# [Task to carry out]
Beginning at the line containing "River Island Grey" in the material below and ending at the line containing "Minnesota Wild: Modern", return each line exactly and add nothing.

# [Dataset extract]
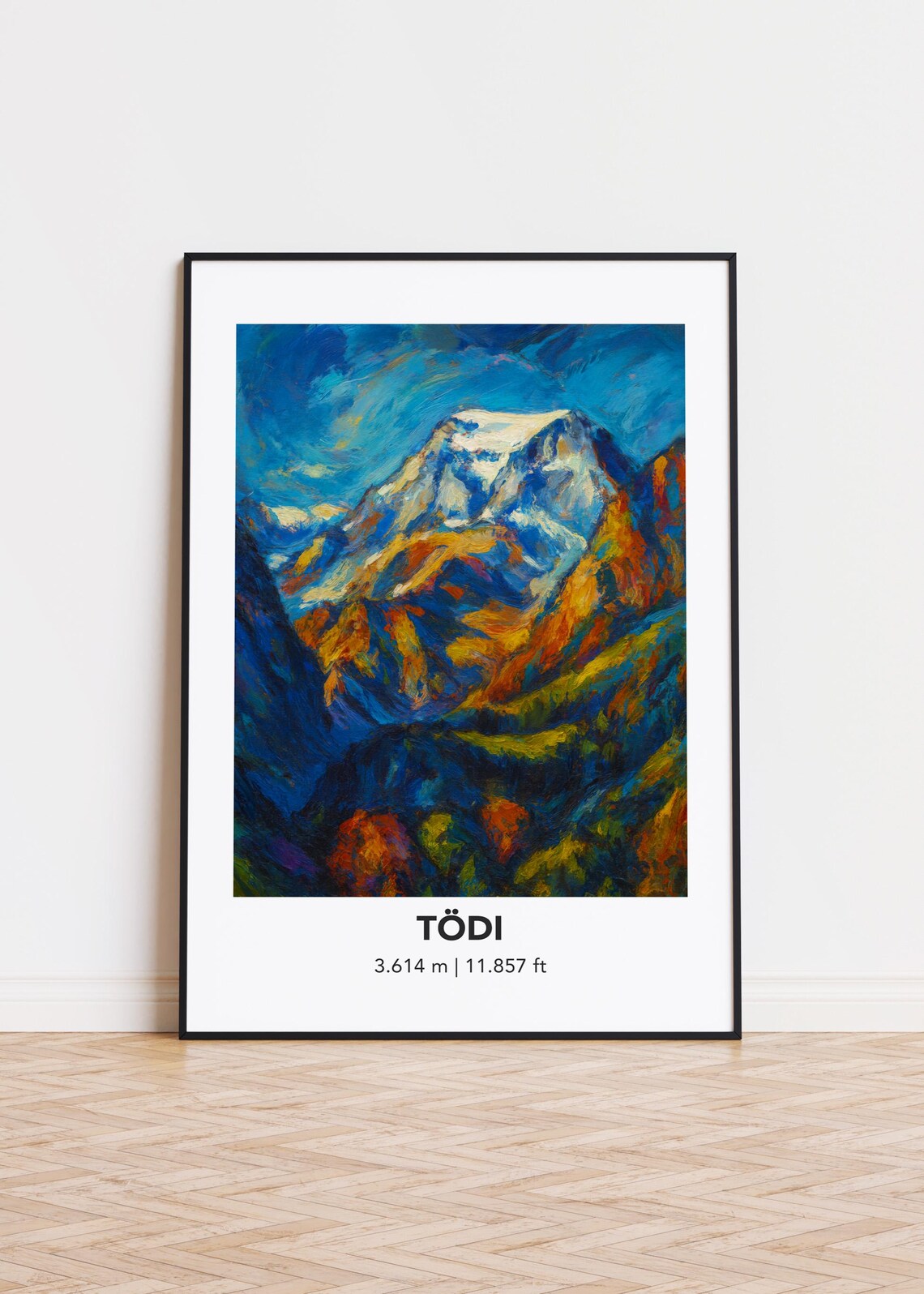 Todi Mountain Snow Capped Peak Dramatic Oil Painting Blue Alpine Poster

--

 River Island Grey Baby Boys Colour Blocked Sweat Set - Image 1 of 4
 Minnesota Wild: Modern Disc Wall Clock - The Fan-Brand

==

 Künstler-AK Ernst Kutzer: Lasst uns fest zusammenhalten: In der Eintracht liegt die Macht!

# [Answer to this exercise]
 River Island Grey Baby Boys Colour Blocked Sweat Set - Image 1 of 4
 Minnesota Wild: Modern Disc Wall Clock - The Fan-Brand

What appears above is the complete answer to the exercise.